Earnest Gates, one of the co-managers of the West Haven Phoenix and executive director of the Near West Side Community Development Corporation, sent The Chicago Journal a statement that read:

"Residents of West Haven have a lot to celebrate. We're about to leave the food desert. Near West kept this issue alive and was responsible for getting grocers to the table. This was the result of years of hard work and advocacy on behalf of the community. We can all be proud of this major accomplishment. Power concedes nothing without a demand. We demanded and we got it."

Beside Pete’s, Food4Less and Jewel-Osco expressed interest in building stores at Madison and Western.

Selection of the store has generated an intense level of neighborhood interest over the years, from the days when Aldi’s was floated for the site to lobbying efforts carried out earlier this year.

The Neighbors’ Development Network, a group made up largely of Near West Side homeowners, collected around 1,100 signatures earlier this year backing a Pete’s, for example.

Ald. Robert Fioretti (2nd) referenced another petition drive, this one gathering 2,000 signatures calling for a Food4Less. No individual or organization has taken public credit for the latter drive, and Fioretti has been unable to identify its organizers.

The alderman acknowledged lobbying about the store was not confined to constituents. His colleagues on the city council and representatives from the United Food and Commercial Worker’s union weighed in too.

“There were a lot of people from all different sources and all different aldermen,” Fioretti said. “There were people for all of them, whether it was Jewel-Osco, Food4Less or Pete’s.”

Selection of Pete’s was greeted by applause at a meeting last week. Many attendees registered their approval of the decision.

“It takes a step up in terms of the quality of services coming to the community,” said Mike Cunningham, active in the Homeowners of Westtown group. “It gives us an opportunity to continue to grow.”

But opinions are not unanimously in favor of Pete’s. Carolyn Cole preferred Food4Less, because of its low prices and bulk purchasing options.

“You have to accept what you’re going to get,” she said.

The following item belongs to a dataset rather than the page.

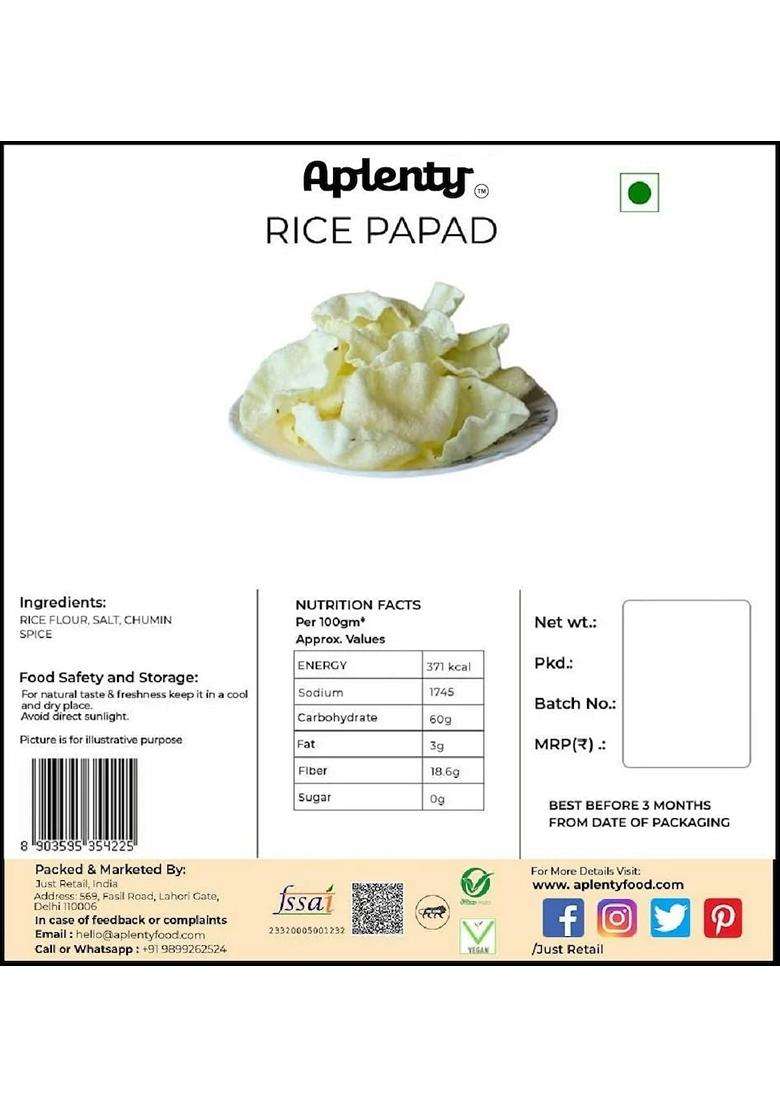 Aplenty Indian Indori Hexagon Shape Sikka Mini Rice Papad With Cumin Khichiya Papad Akki Happala Fryums 400 Gm - Indya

Martha Maratre also cited prices at Food4Less to explain her support of the chain. A resident of the Oakley and Jackson area, Maratre does much of her shopping at the Walgreens on the northeast corner of Madison and Western. To her, Pete’s is a solid second choice, however.

“I think it’s good. We need could use the fruit and vegetables. And the prices are good at Pete’s,” she said.

For residents like Reichardt, the longtime East Garfield dweller, however, the news signals a broader shift.

“To me, it will feel like, to be honest with you, that what was taken from us is now coming back,” she said.